On Mon, 2019-07-01 at 09:50 +0100, Daniel P. Berrangé wrote:
On Mon, Jul 01, 2019 at 10:35:17AM +1000, David Gibson wrote:
> On Fri, Jun 14, 2019 at 01:45:24PM +0200, Andrea Bolognani wrote:
> > Unfortunately there's one major issue with your approach: even though
> > it's true that a spapr-vio address that can't be represented as a
> > 32-bit value would always have been rejected by QEMU and so the guest
> > would never have been able to start, refusing to parse the value
> > altogether would cause such a guest to disappear completely from
> > libvirt. We don't consider this to be acceptable, because we want to
> > give users a chance to fix their guests that doesn't involve poking
> > at the filesystem behind libvirt's back.
I missed this when it was first posted, but I would have said that we really
don't need to consider this scenario.
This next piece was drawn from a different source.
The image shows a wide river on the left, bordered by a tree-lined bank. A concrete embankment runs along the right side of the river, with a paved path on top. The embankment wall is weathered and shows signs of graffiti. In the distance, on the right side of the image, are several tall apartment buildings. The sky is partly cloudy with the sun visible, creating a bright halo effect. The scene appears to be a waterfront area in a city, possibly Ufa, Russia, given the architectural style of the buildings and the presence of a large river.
This is a valid thing to worry about
*if* the previous config was actually something a person would have used in
the past. In this case though there's no way the guest could ever have
worked with value > 0xffffffff. At the very most they could have a defined
XML config that they might have tried & failed to use. We would have been
justified in just changing the parser to use a 32-bit int straight away.
In the past we've bent over backwards to keep guest configurations
from failing to parse, a good example being network interface models
that never existed in QEMU, and I believe Cole's recent changes in
that area made sure such configurations can still be parsed and only
fail to validate for this very reason.
How is this situation different? What did I miss?